- Opening Delimiter -

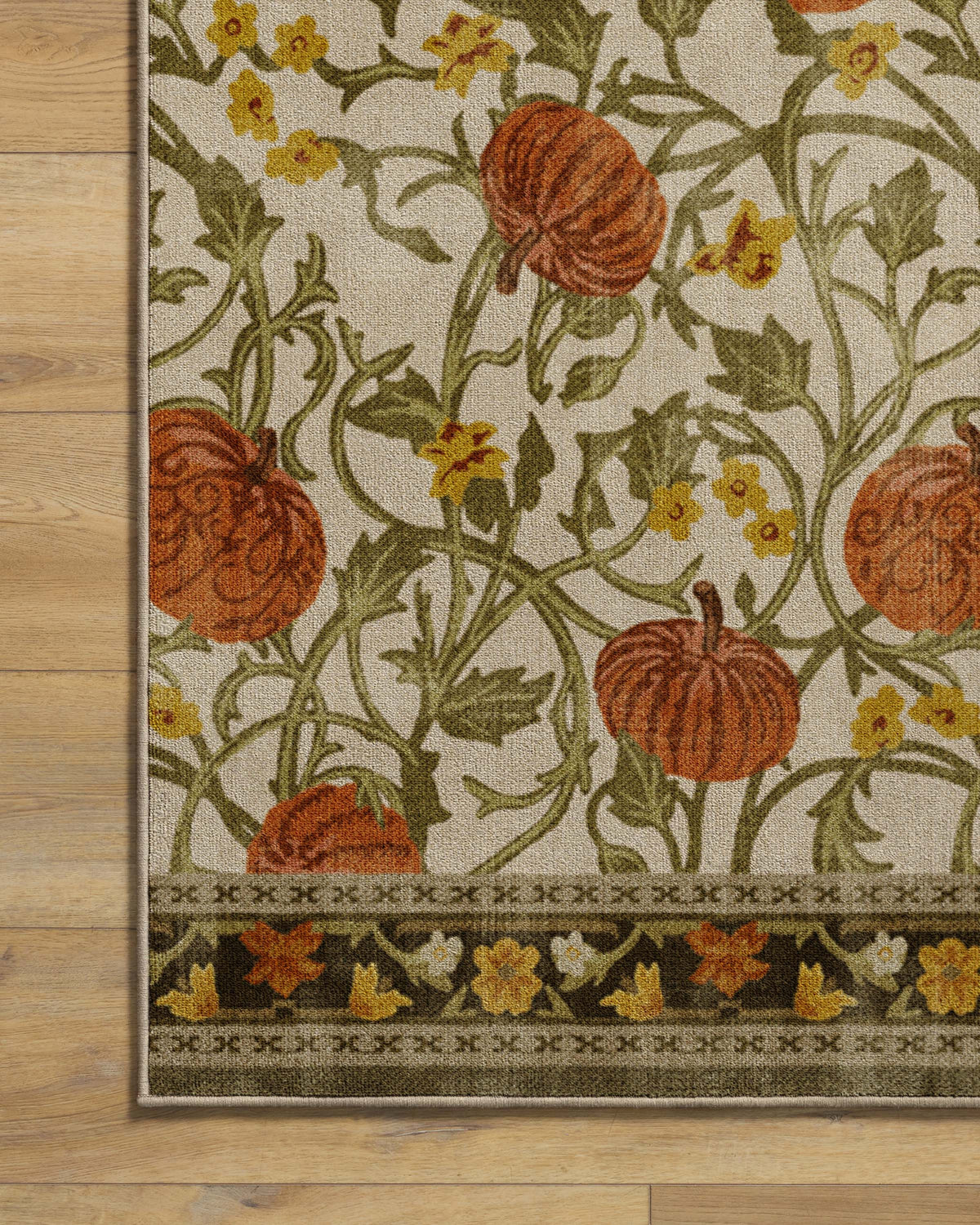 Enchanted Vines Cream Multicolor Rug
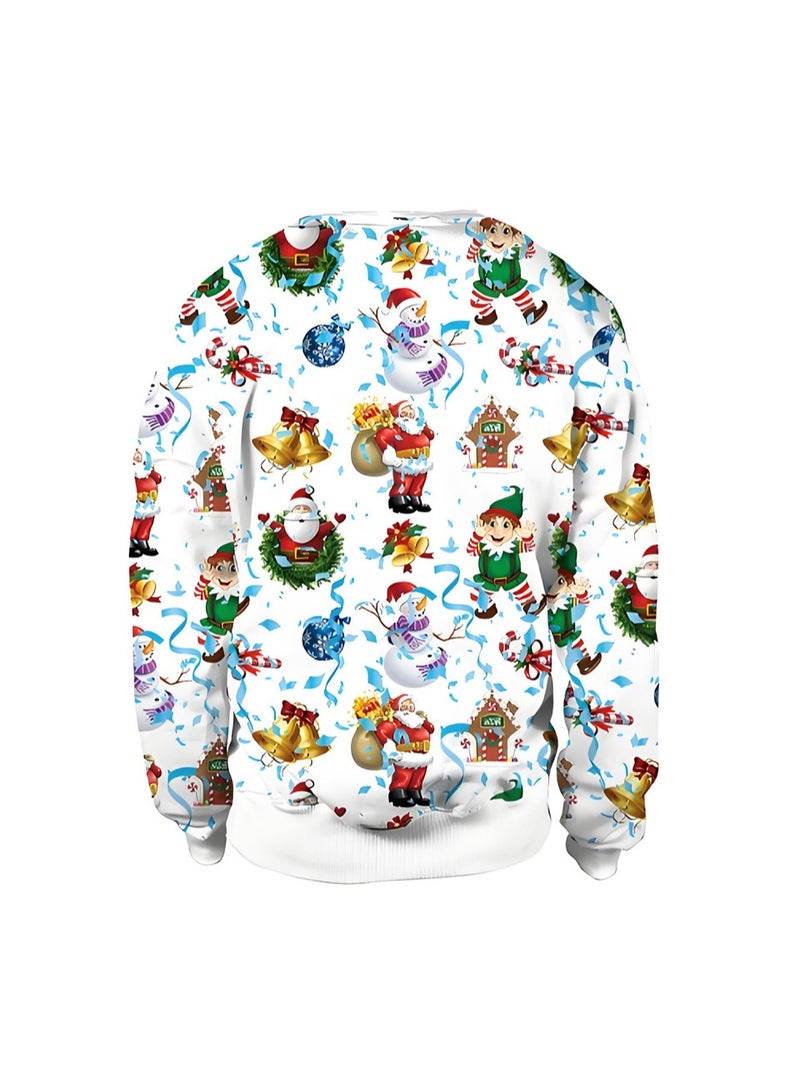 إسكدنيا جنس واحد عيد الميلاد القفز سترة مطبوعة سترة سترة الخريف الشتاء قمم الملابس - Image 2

- Closing Delimiter -
- Opening Delimiter -

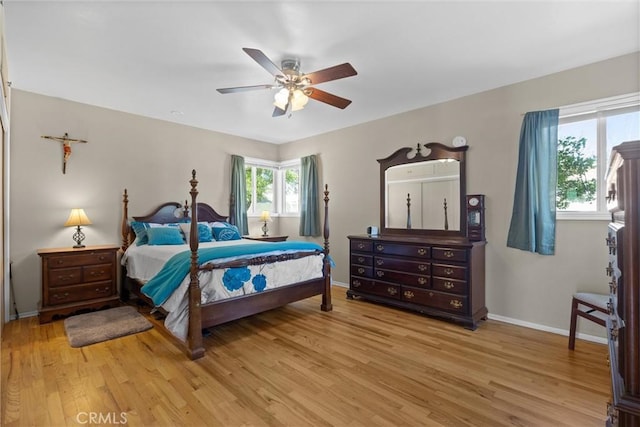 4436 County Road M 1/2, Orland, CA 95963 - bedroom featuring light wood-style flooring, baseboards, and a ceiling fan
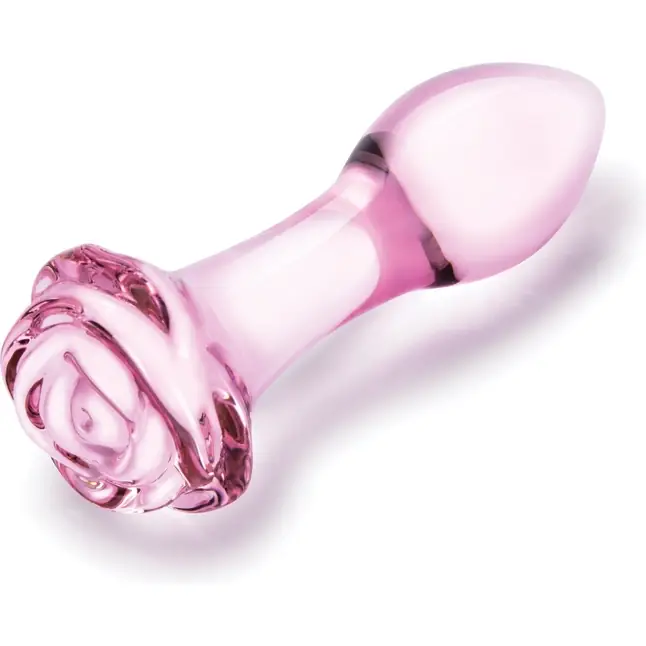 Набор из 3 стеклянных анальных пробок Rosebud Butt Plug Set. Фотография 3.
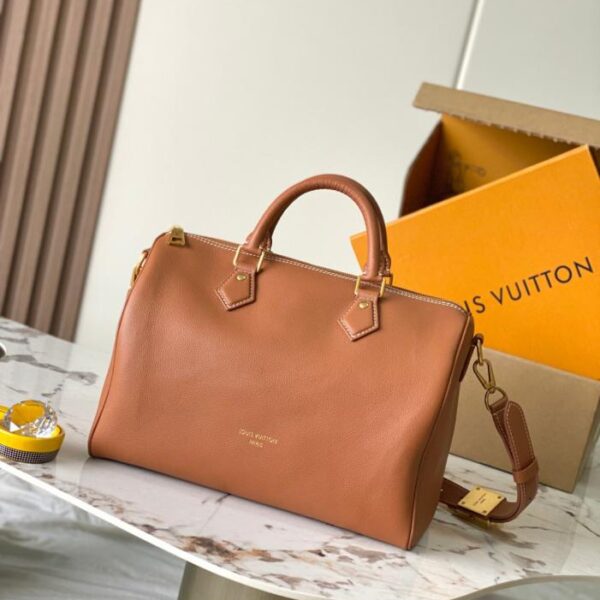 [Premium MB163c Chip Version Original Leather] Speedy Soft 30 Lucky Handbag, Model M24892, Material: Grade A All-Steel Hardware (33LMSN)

- Closing Delimiter -
- Opening Delimiter -

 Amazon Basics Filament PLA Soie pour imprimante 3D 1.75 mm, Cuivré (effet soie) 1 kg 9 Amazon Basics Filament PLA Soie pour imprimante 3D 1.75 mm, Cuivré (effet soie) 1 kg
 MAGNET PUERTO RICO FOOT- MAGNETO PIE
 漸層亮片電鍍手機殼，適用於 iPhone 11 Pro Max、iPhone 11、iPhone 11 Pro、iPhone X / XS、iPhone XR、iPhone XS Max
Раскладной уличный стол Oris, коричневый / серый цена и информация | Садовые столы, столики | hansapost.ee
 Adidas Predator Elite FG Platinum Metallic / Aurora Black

- Closing Delimiter -

ASSIGNED TASK = Could you reproduce exactly the lines of the entries above, from the one with "MAGNET PUERTO RICO FOOT- MAGNETO PIE" through the one with "Adidas Predator Elite", and nothing else?

RESPONSE =
 MAGNET PUERTO RICO FOOT- MAGNETO PIE
 漸層亮片電鍍手機殼，適用於 iPhone 11 Pro Max、iPhone 11、iPhone 11 Pro、iPhone X / XS、iPhone XR、iPhone XS Max
Раскладной уличный стол Oris, коричневый / серый цена и информация | Садовые столы, столики | hansapost.ee
 Adidas Predator Elite FG Platinum Metallic / Aurora Black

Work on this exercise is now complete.